Input material:
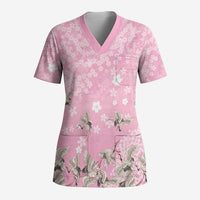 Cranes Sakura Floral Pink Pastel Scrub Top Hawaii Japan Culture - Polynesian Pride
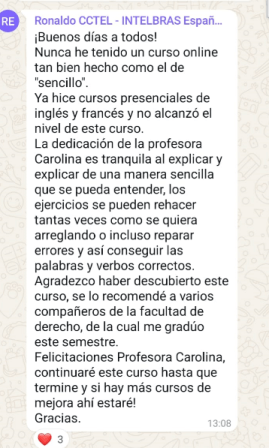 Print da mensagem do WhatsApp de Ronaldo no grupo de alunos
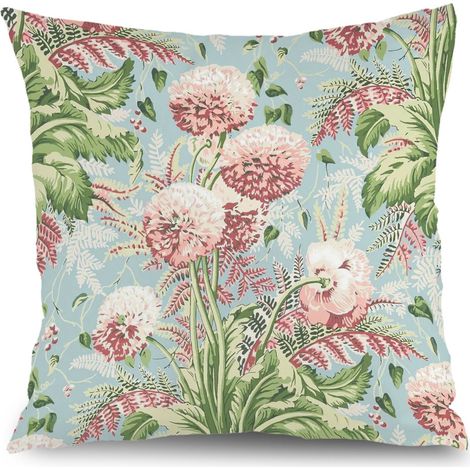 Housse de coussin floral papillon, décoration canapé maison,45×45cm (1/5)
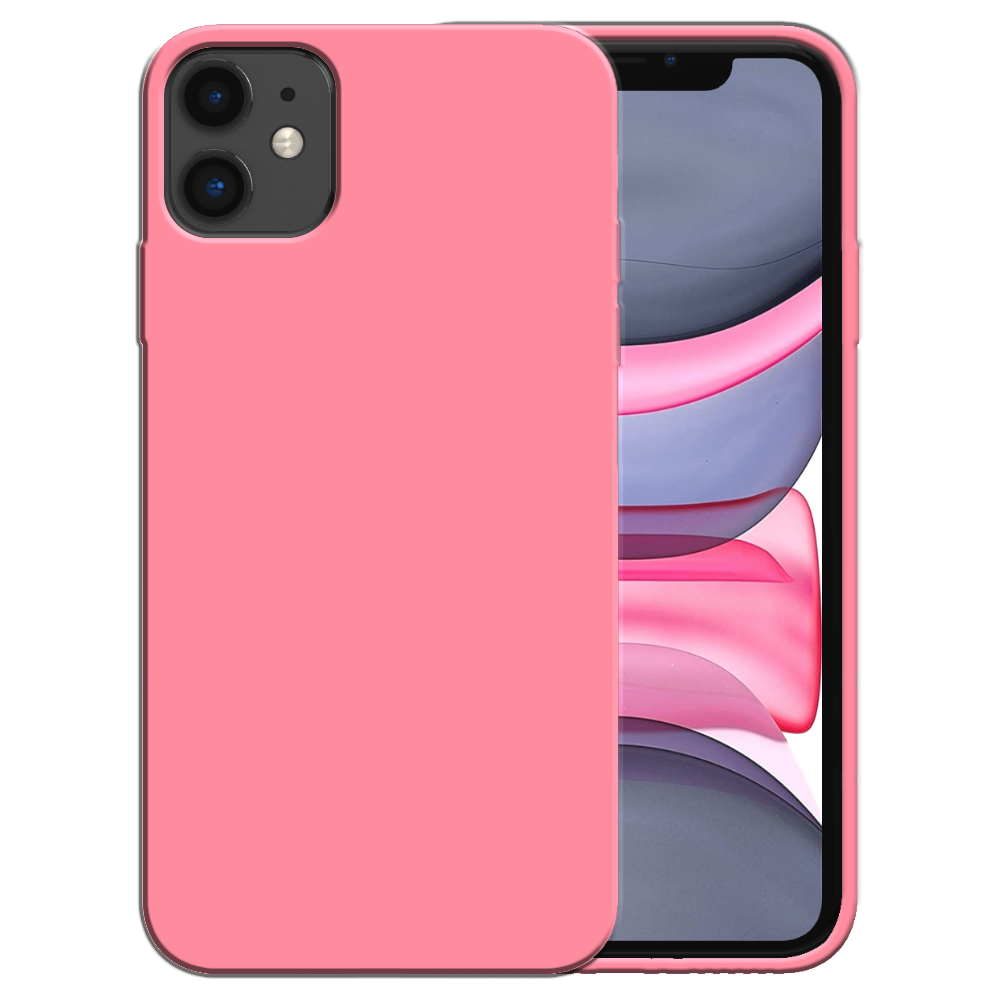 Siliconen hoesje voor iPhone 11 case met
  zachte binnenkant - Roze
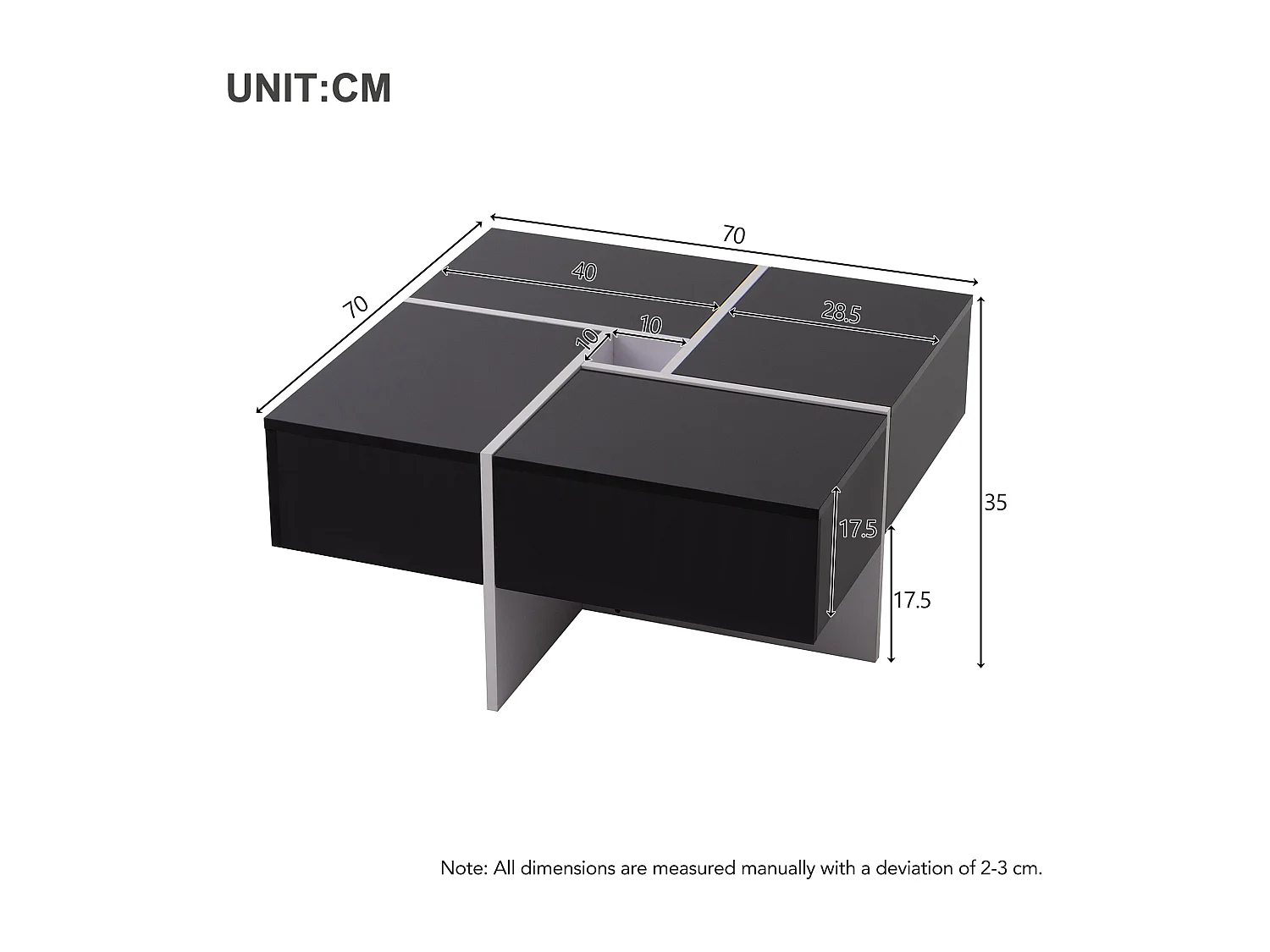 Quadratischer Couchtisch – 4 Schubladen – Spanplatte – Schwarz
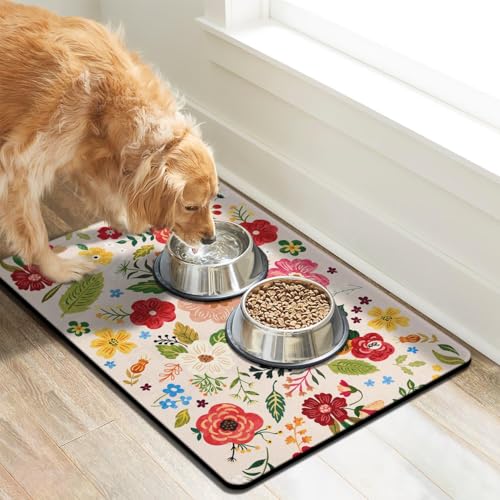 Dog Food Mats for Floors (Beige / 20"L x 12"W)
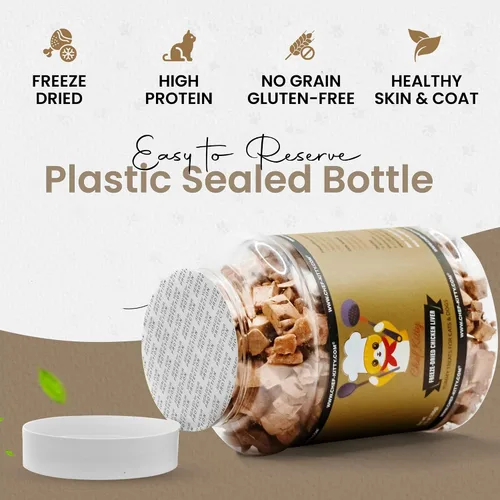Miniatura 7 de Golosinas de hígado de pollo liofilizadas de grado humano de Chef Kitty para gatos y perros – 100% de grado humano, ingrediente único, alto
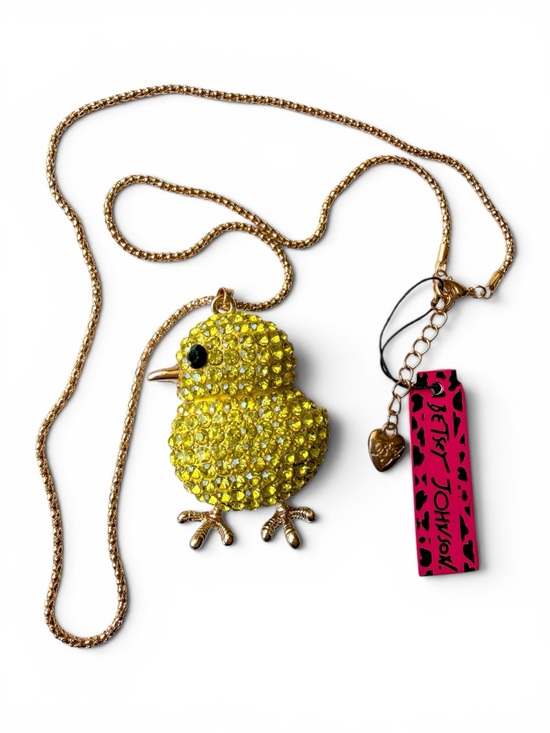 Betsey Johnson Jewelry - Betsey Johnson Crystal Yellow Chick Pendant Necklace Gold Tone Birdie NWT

...

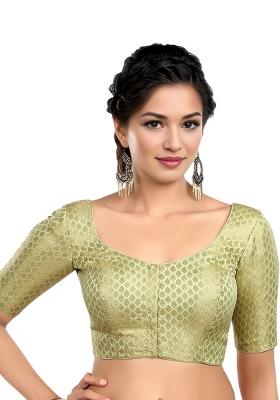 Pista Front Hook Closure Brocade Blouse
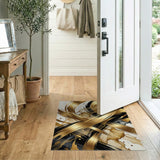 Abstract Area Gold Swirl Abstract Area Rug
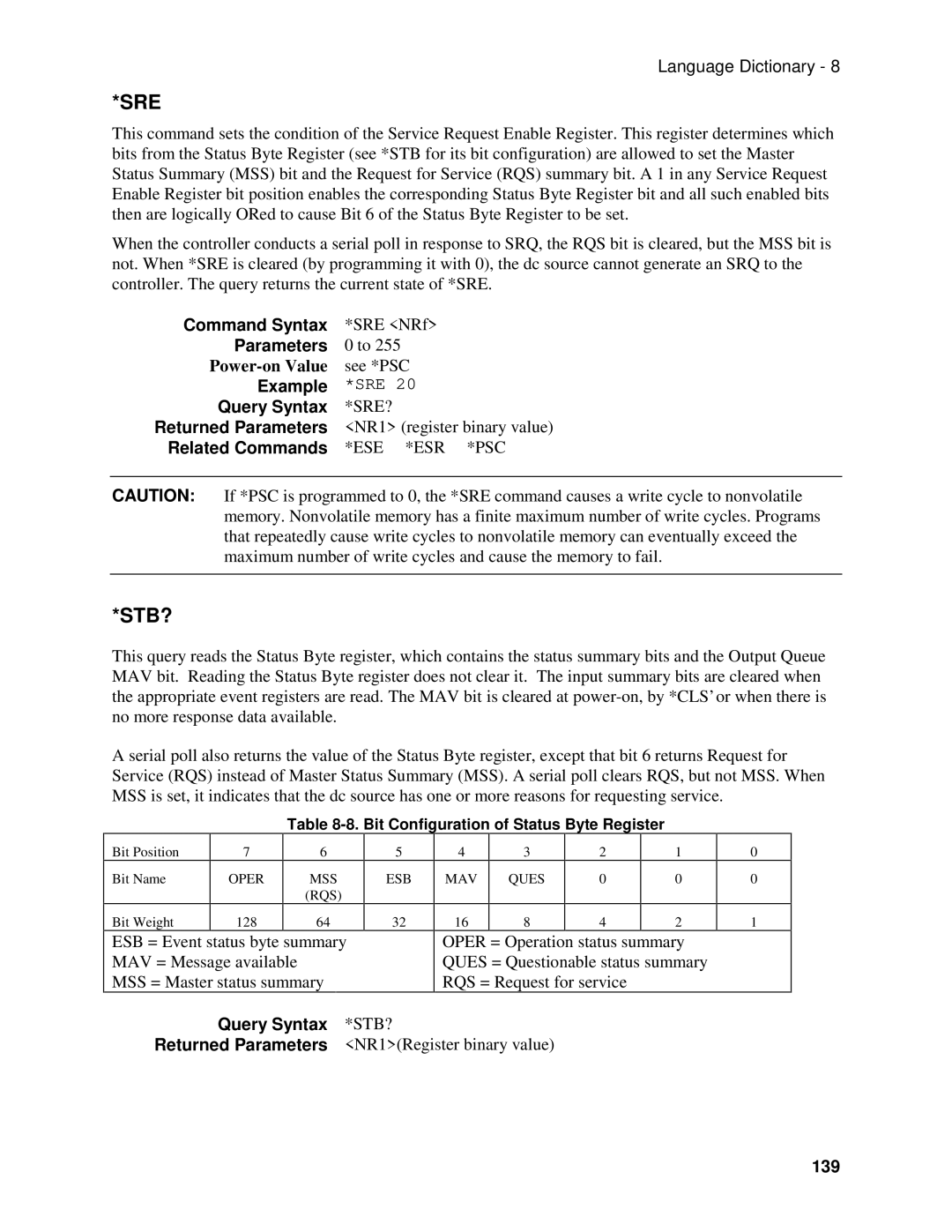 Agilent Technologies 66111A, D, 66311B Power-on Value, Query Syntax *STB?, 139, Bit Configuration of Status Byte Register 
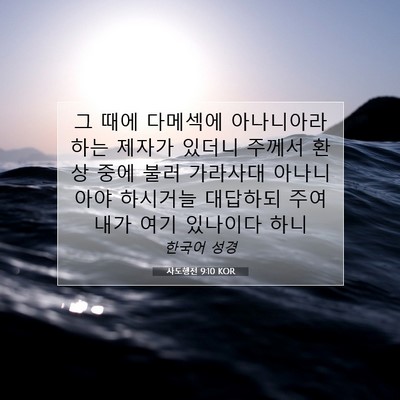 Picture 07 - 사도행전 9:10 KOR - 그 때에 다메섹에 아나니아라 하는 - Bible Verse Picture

...

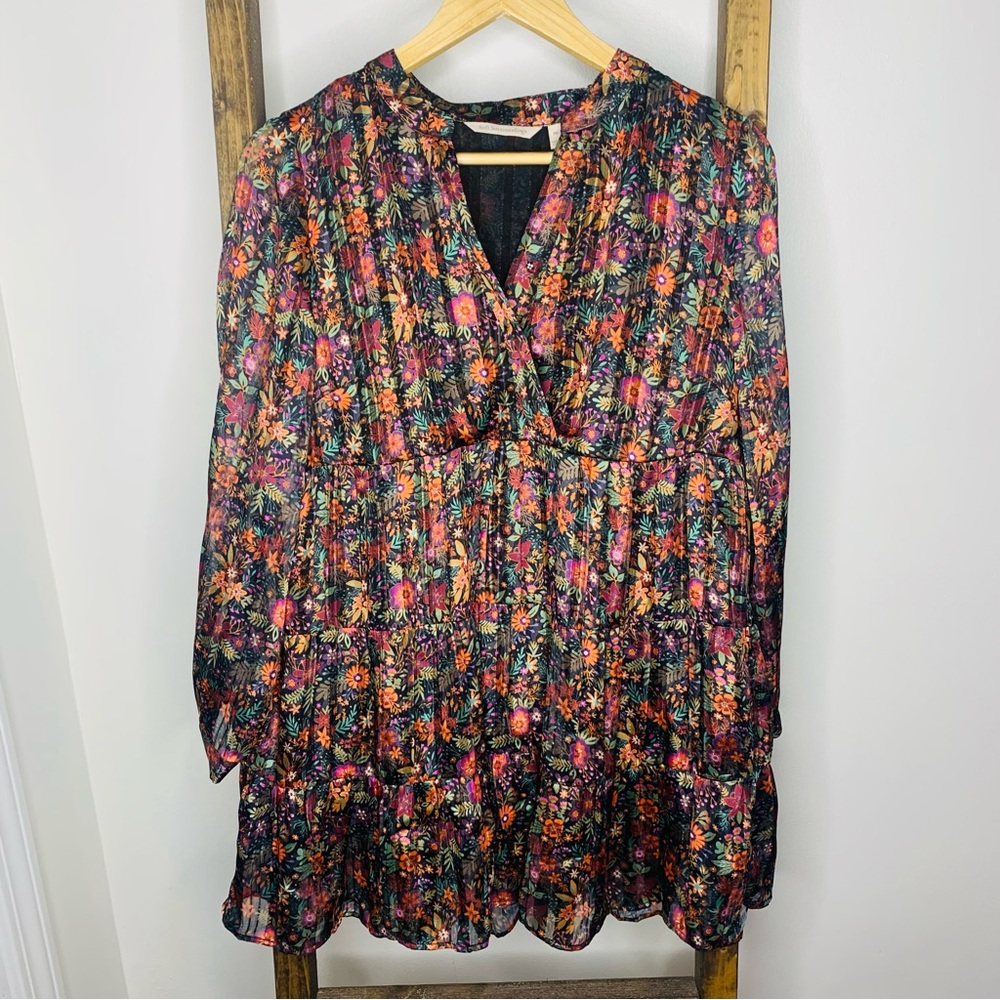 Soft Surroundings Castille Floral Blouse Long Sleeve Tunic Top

Work instruction: Set the pictures aside and reproduce exactly the lines above, from the line holding "Abstract Area Gold Swirl Abstract Area Rug" through the line holding "Picture 07 - 사도행전", both included, with nothing else.

The completed task:
 Abstract Area Gold Swirl Abstract Area Rug
 Agilent Technologies 66111A, D, 66311B Power-on Value, Query Syntax *STB?, 139, Bit Configuration of Status Byte Register 
 Picture 07 - 사도행전 9:10 KOR - 그 때에 다메섹에 아나니아라 하는 - Bible Verse Picture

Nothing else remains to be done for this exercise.